The project's founding context is the 1979 London post-punk-into-industrial transition. Bennett's pre-Whitehouse method is documented: Essential Logic (Lora Logic's post-punk band; Bennett on guitar) was the prior-to-Come position, and Come (1979, founded by Bennett with Daniel Miller of Mute Records and briefly J.G. Thirlwell as members) was the prior-to-Whitehouse method. Miller's position at Mute is documented in the Mute file; Miller's pre-Mute involvement with Bennett's Come is significant because the "extreme electronic music" position Bennett later established as Whitehouse derives from Miller's sequencing-and-equipment recommendations across the 1979 Come operating period. The Come Organisation label was founded by Bennett in 1979 initially to release Come's own material when no third-party label was willing to release the catalogue; the consequence is that the form's founding label is structurally a self-publication infrastructure rather than an external commercial vehicle.
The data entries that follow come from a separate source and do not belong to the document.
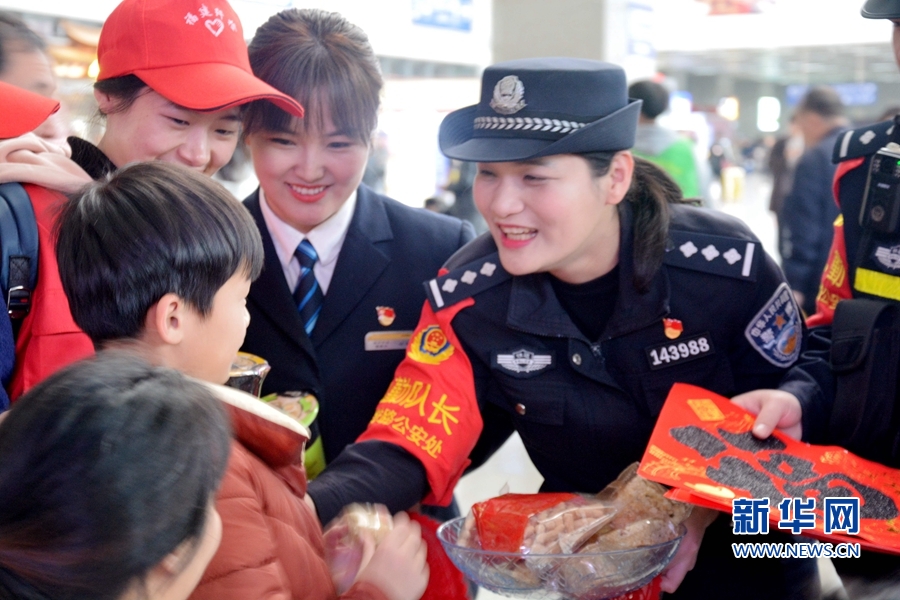 福州铁警开展“警民同乐过小年”活动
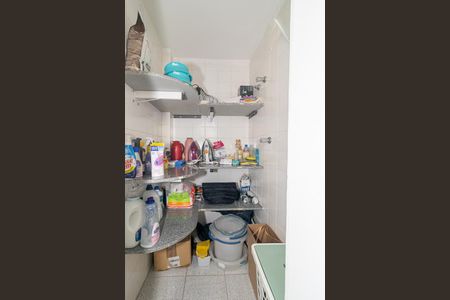 Apartamento à venda com 81m², 2 quartos e 1 vaga Apartamento à venda com 81m², 2 quartos e 1 vagaDespensa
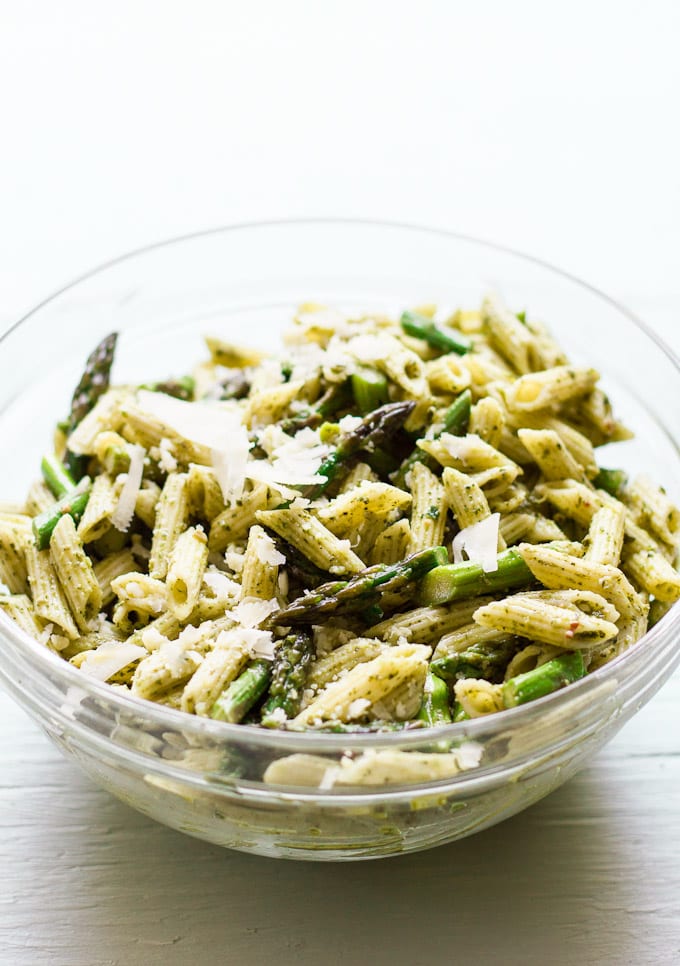 mini penne with spicy pesto + asparagus | theclevercarrot.com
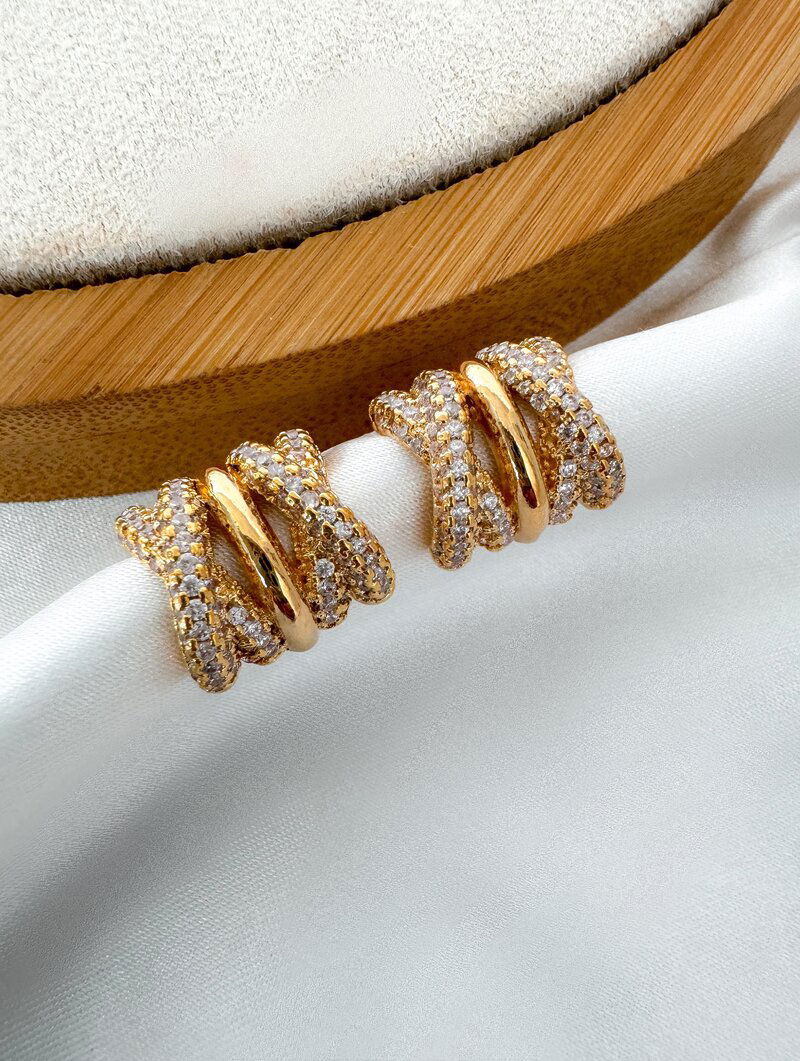 Brinco Folheado a Ouro 18k e Prata Cinco Fios Cravejados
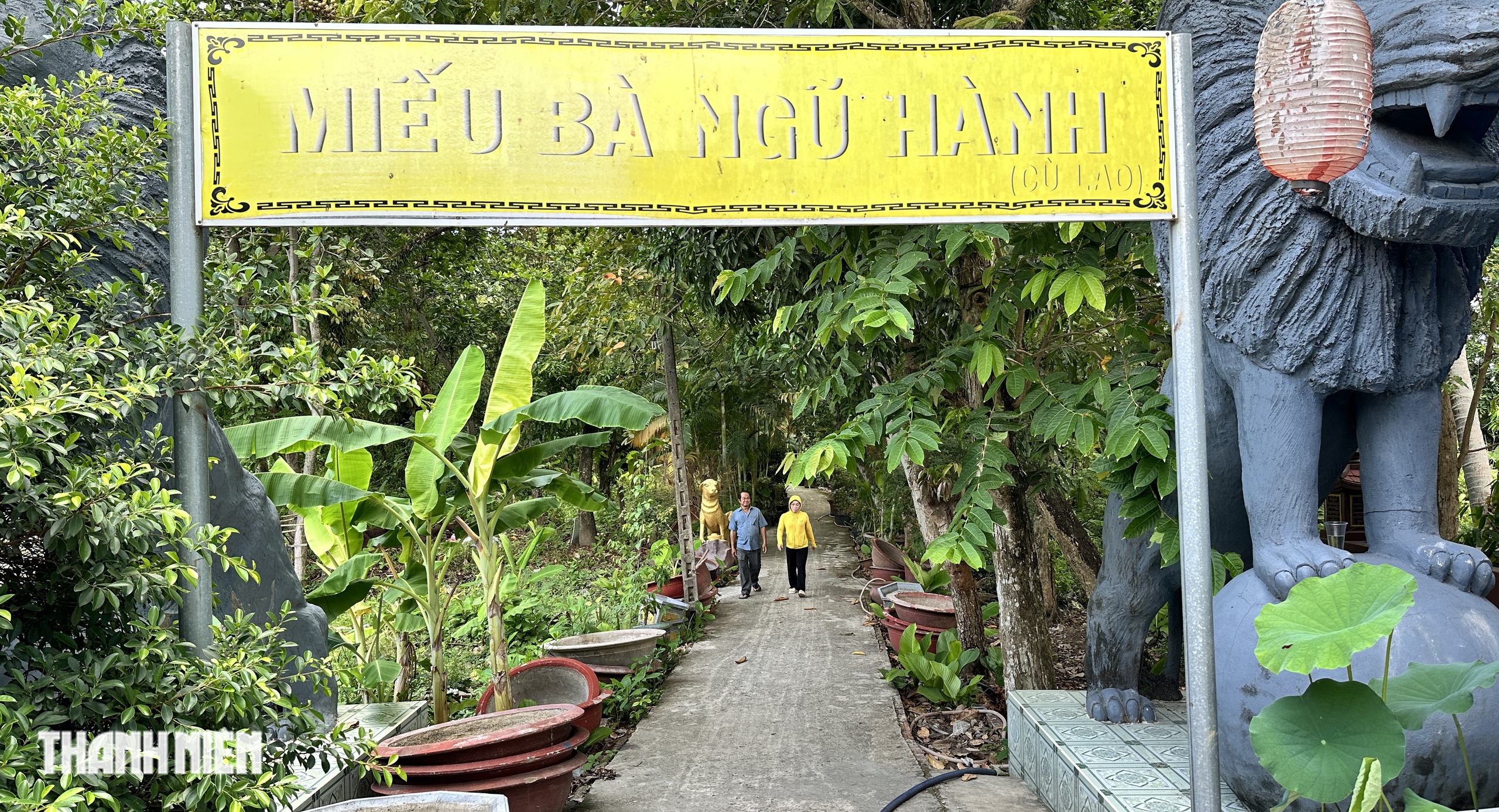 Ngôi chùa có hàng trăm tượng Phật, nằm giữa sông ở TP.HCM - Ảnh 12.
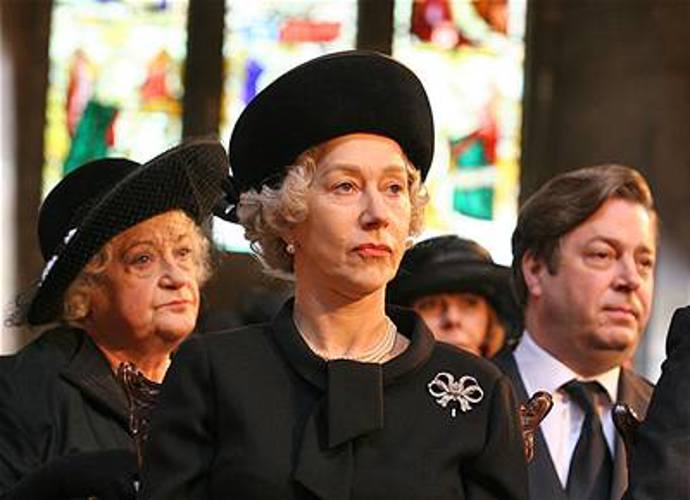 Už za svého života se stala legendou. Helen Mirrenová v roli nejslavnější anglické panovnice.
The project's name etymology is declarative. Whitehouse is a dual-source name: it references both Mary Whitehouse (the British moral campaigner whose National Viewers' and Listeners' Association opposed the 1970s and 1980s British media-content-liberalisation position) and the British pornographic magazine Whitehouse (Paul Raymond Publications, founded 1969). The dual-source naming positions the project's editorial vein explicitly: the name itself signals the provocation the project's later thematic content extends and the declaration is consistent across the operating period.
The project's method is documented. Bennett's stated modus operandi is "creating a sound that could bludgeon an audience into submission"; the subsidiary stated aim is "beat the listener's consciousness". The operational implementation across the 1980 onward catalogue comprises: heavily-distorted analogue synthesiser source-tones (initially through a modified synthesiser Bennett acquired on Daniel Miller's recommendation; later through the EMS / Korg / Moog inheritance), screamed unprocessed vocals positioned at the sonic foreground, the deliberate absence of conventional rhythmic-or-melodic structure and the compositional method's reliance on extended high-frequency saturation as compositional material. The stated influences (Throbbing Gristle, SPK, Alvin Lucier, Yoko Ono, Marquis de Sade) are documented across Bennett's interview-and-essay catalogue; the compositional inheritance from Lucier in particular (extended-duration high-frequency operations as compositional method) is significant because the F·07 form's later method extends the Lucier-influence position the project's founding catalogue established.
The project's founding catalogue is the 1980–1985 Come Organisation period. Birthdeath Experience (1980, the project's first LP) establishes the sonic idiom at scale; Total Sex (1980), Erector (1981, widely cited as the form's founding-statement record), Psychopathia Sexualis (1982), Dedicated to Peter Kürten (1981, named after the 1929–1930 Düsseldorf serial murderer the catalogue's thematic manner extensively engages), Buchenwald (1981), Right to Kill (1983; the catalogue's most-contested individual document, filed independently at M·06), Great White Death (1985, the Come Organisation period's closing record) together constitute the form's founding-catalogue documentary record. The Come Organisation label dissolved when Whitehouse went on hiatus at the end of 1985; the 28-year project's first operating phase consequently closes at the end of 1985.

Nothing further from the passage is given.